◆ WHAT YOU NEED TO DO: Your output should be the lines from the one with "Nước Hoa Hồng" through the last line of the records below, exactly as written, minus the pictures.

◆ DATASET ENTRIES:
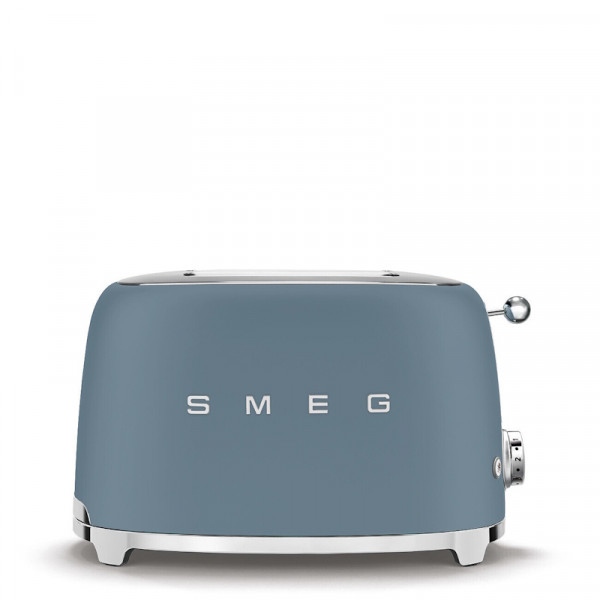 Smeg Toaster 2 Scheiben Storm Blue matt 50'S Retro Style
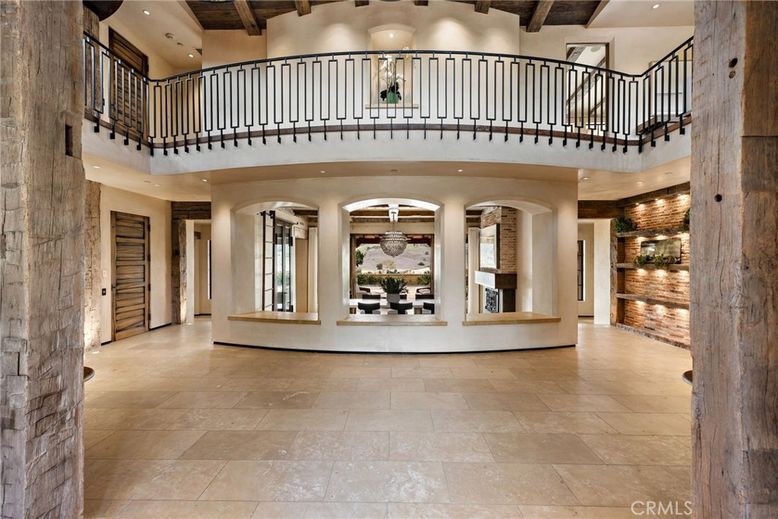 Interior, Recessed Lighting, Wooden Beams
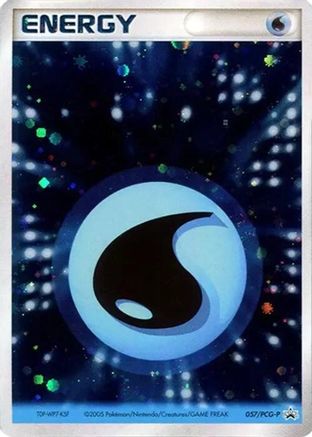 Basic Water Energy - 057/PCG-P (057/PCG-P) - PCGP Promotional cards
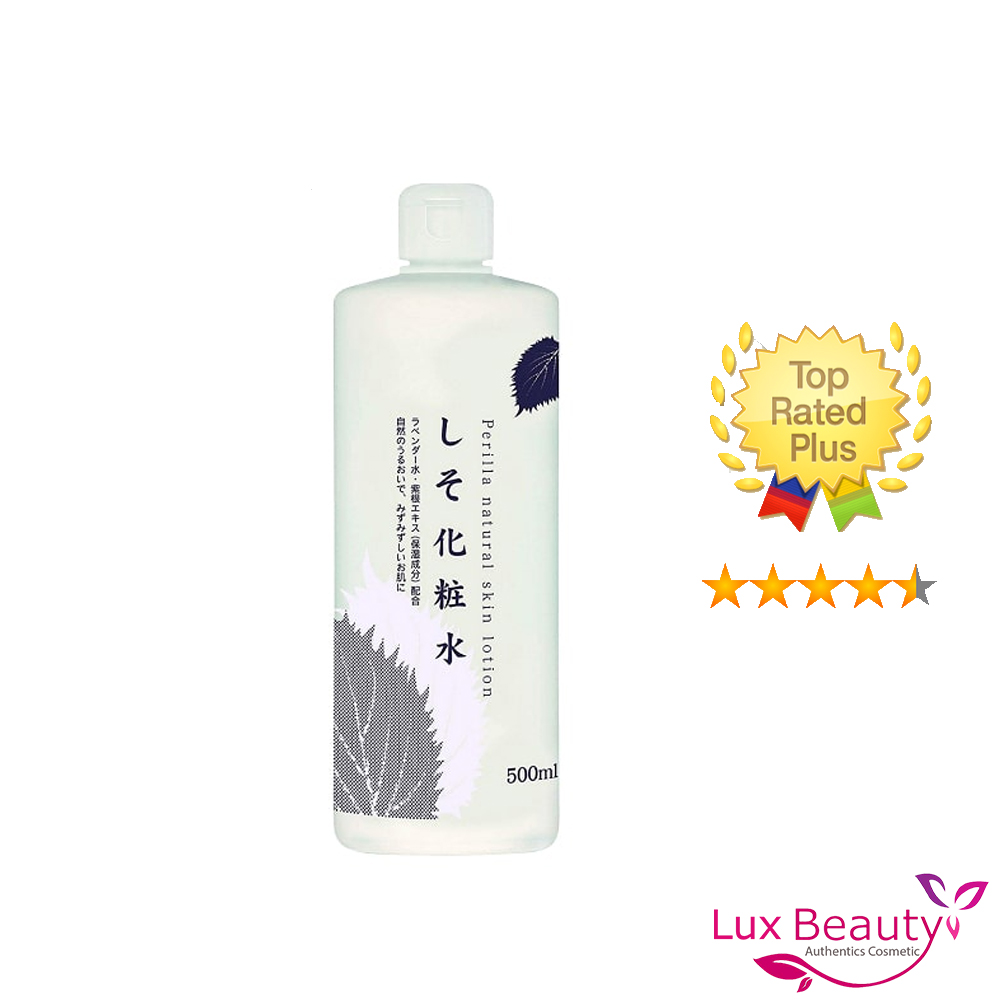 Nước Hoa Hồng Tía Tô Perilla Natural Skin Lotion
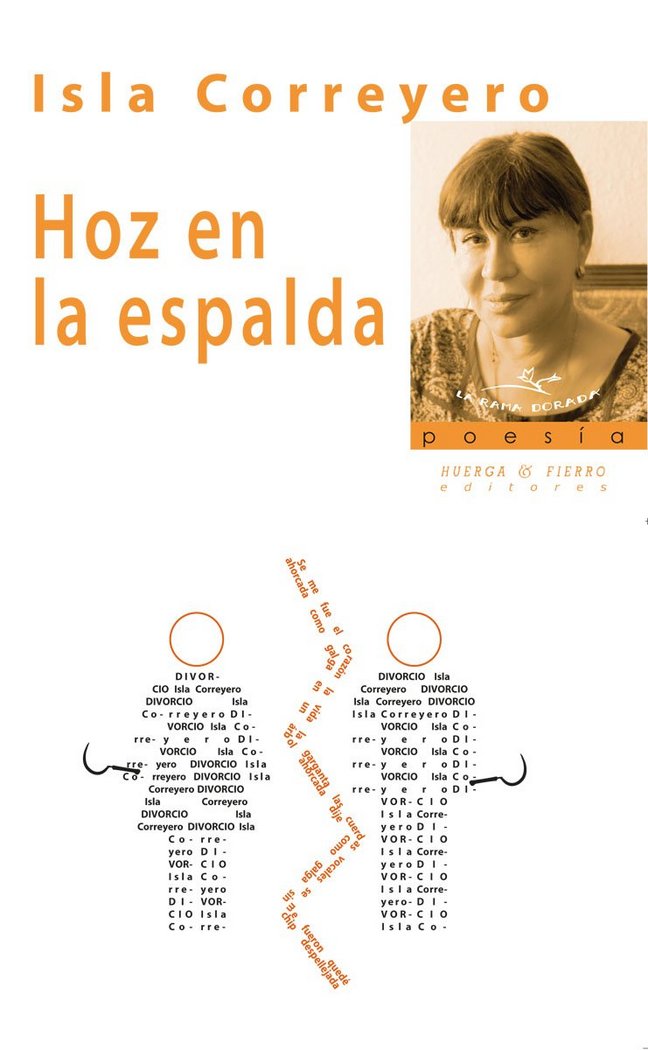HOZ EN LA ESPALDA, de CORREYERO | portada del libro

◆ EXPECTED ANSWER:
 Nước Hoa Hồng Tía Tô Perilla Natural Skin Lotion
HOZ EN LA ESPALDA, de CORREYERO | portada del libro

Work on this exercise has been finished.